Just for completeness, I'll do the reduction to the positive integer case. Those uninterested in the reduction, may skip to below the line.
We first note that the intersection set is discrete, because $\Bbb Z$ is. Second we note that the real-function $f(x)=x+x^{-1}$ has derivative
$$f'(x)=1-x^{-2}<1$$
hence the fixed points at $\pm 1 $ are attractors in neighborhoods around them, and by positive/negative symmetry, and the fact that an initial choice $z_0$ with $|z_0|<1$ produces immediately an iterate $z_1$ such that $|z_1|>1$ we may assume our initial choice is $M\ge c>1$, in fact it is easy to see that we can take $c=\sqrt{2}$.
In this case we can immediately assume our first choice is an integer, because if the sequence never hits an integer, certainly it has only finitely many answers. Together this reduces to $M\ge 2$ as an initial, integer choice. If you prefer a more direct proof of this, you can also just say if you were unlucky enough to pick $1$ first, then iterating the map gives you $2$, whatever floats your boat: I tried to use as much of a dynamical systems approach as possible since that is the only tag on the question.
Now, since there is a prime $p|M$, we note that the $p$-adic valuation of $M$ is $|M|_p<1$. But then $|f(M)|_p=|M+M^{-1}|_p$. By the strong triangle inequality, it must be that
$$|f(M)|_p=\max\{|M|_p, |M^{-1}|_p\}=|M^{-1}|_p>1.$$
But then $|f^k(f(M))|_p=|M^{-1}|_p>1$ again by the strong triangle inequality. In particular, the reduced fraction for $f^n(M)$ always has a $p$ dividing the denominator, hence it is not an integer.

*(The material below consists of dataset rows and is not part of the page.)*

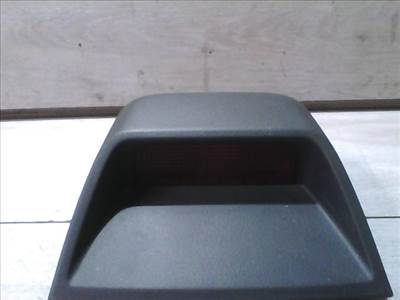 SUZUKI LIANA Hátsó ködlámpa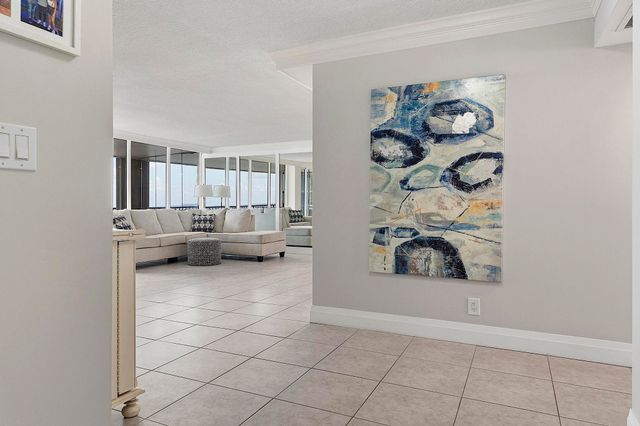 4280 Galt Ocean Drive Ph L, Fort Lauderdale, FL 33308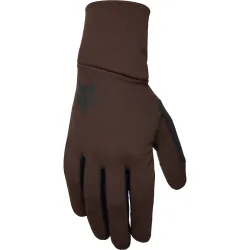 Fox Herren Ranger Fire Handschuhe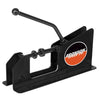Bronson Speed Co Bearing Press Tool - Black 15OFF all boards products accessories all longboardsproducts all skateboards products bearings boards products klaviyo LAFC Longboard Skateboard skateboard bearings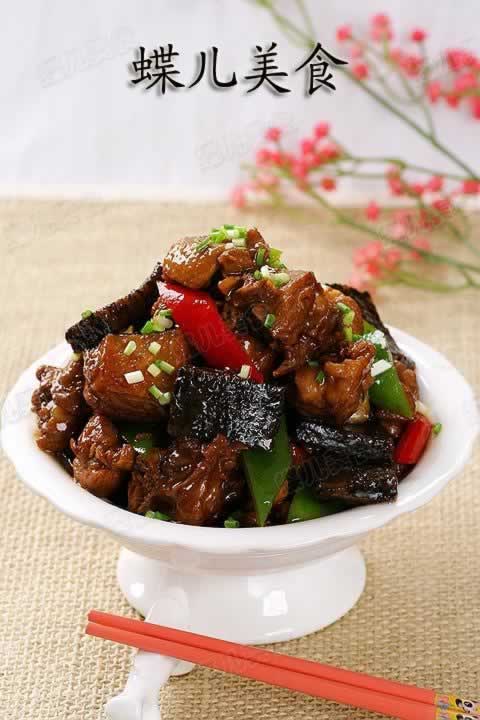 Ѫ��Ѽ������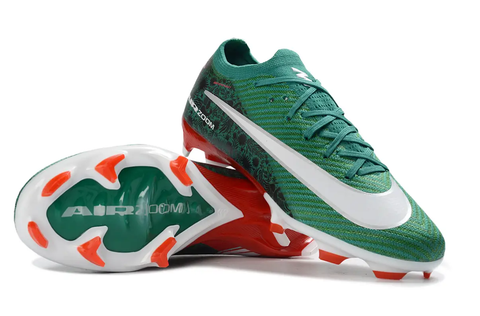 Nike Air Zoom Mercurial Vapor XVI Elite FG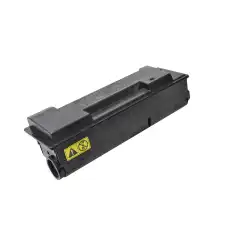 TB Toner TK-340 Sort (12.000 sider), erstatter Kyocera 1T02J00EU0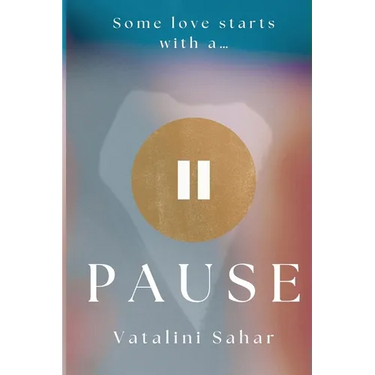 Pause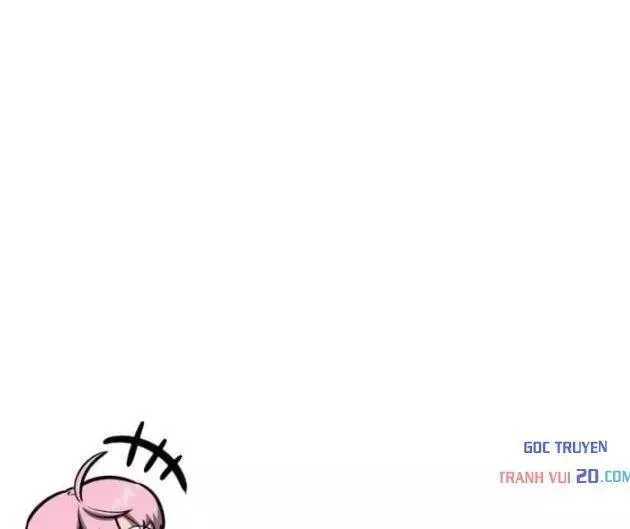 Độc Chiến Đế Vương Chap 50 - Next Chap 51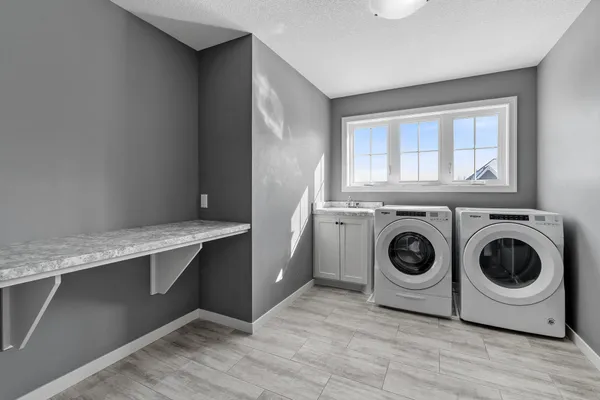 $1,175,000 | 7529 Urbandale Lane North, Maple Grove, MN 55311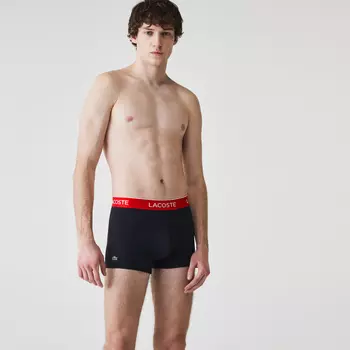 Нижнее белье Lacoste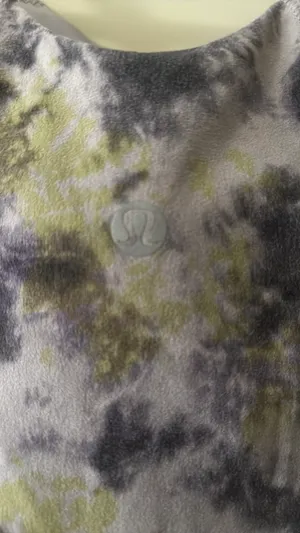 Lululemon Bra Tank thumbnail 5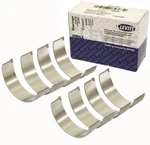 98-1599-C Mahle Clevite Chevy Journal Rod Bearings Std Vw Crankshaft Bug Ghia. Fixed Price $62.06.
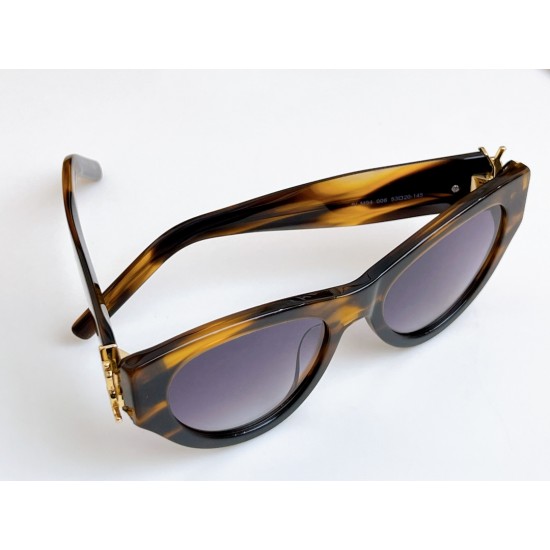 YSL SUNGLASSES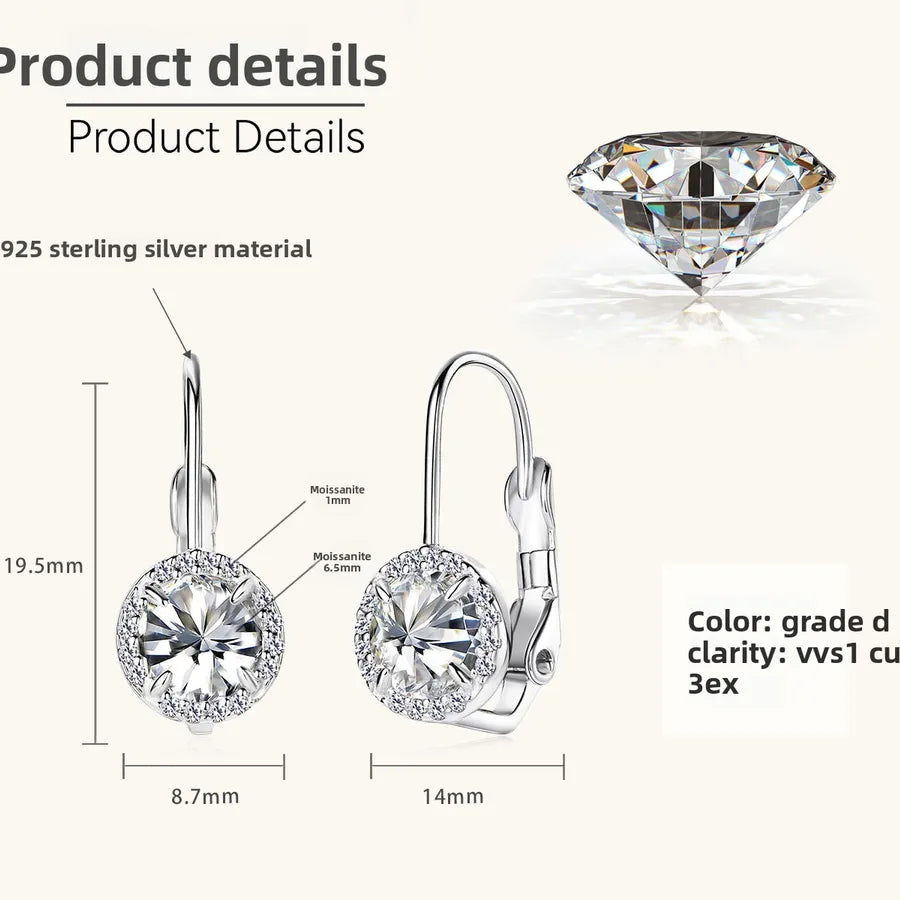 /product/2025/8/7/1953425661083389952.jpg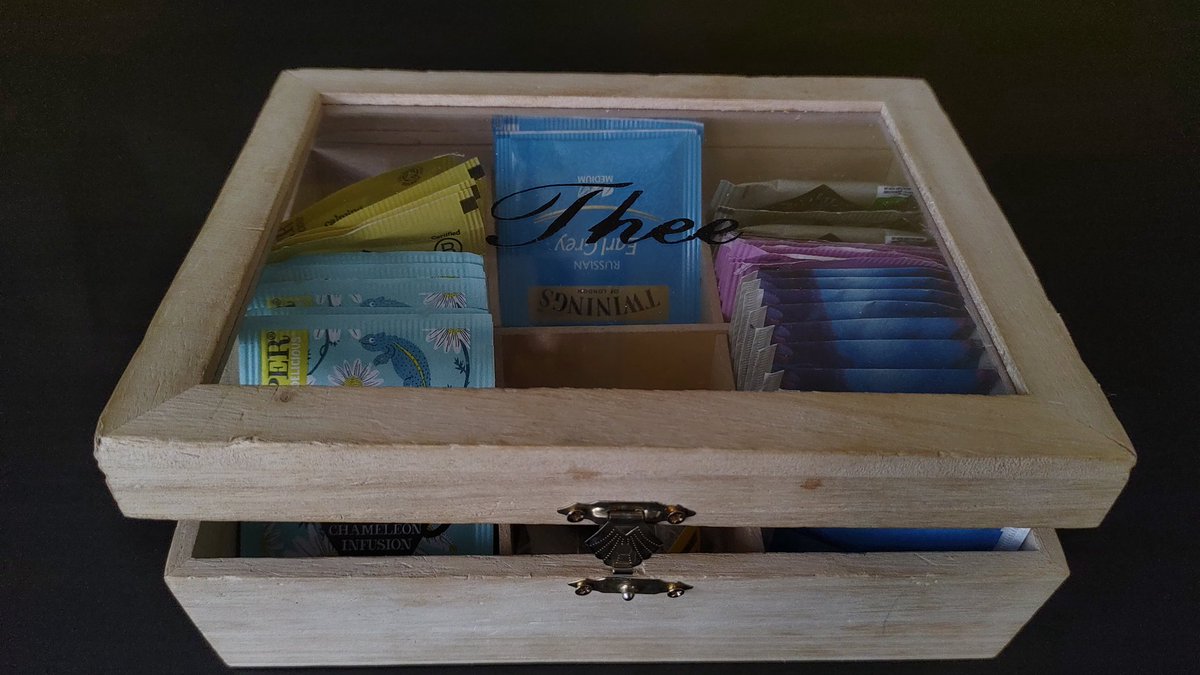 Angry Nerds Podcast tweet media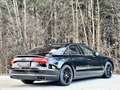 Audi A8 3.0 TDI quattro *LUFT*BOSE*NIGHTVISION*MASSAGE*TOP crna - thumbnail 2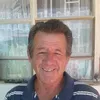 Philip Warricker - @philipwarricker - TikTok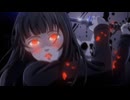 【DBD】2対8初心者ハントレスで潜ったら味方のレイス無双がやばすぎた【VOICEVOX実況/デッドバイデイライトキラー】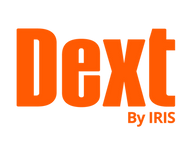 Dext logo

This implies that--once we have an integer greater than $1$ in the orbit (or less than $-1$ by symmetry), it never hits another integer again. Hence the only way to have more than one integer in our sequence at all is if we have one not divisible by any prime, i.e. $\pm 1$. it is easily seen that $f(\pm 1)=\pm 2$, hence the largest orbits have size $2$ and are $\{\pm 1,\pm 2\}$.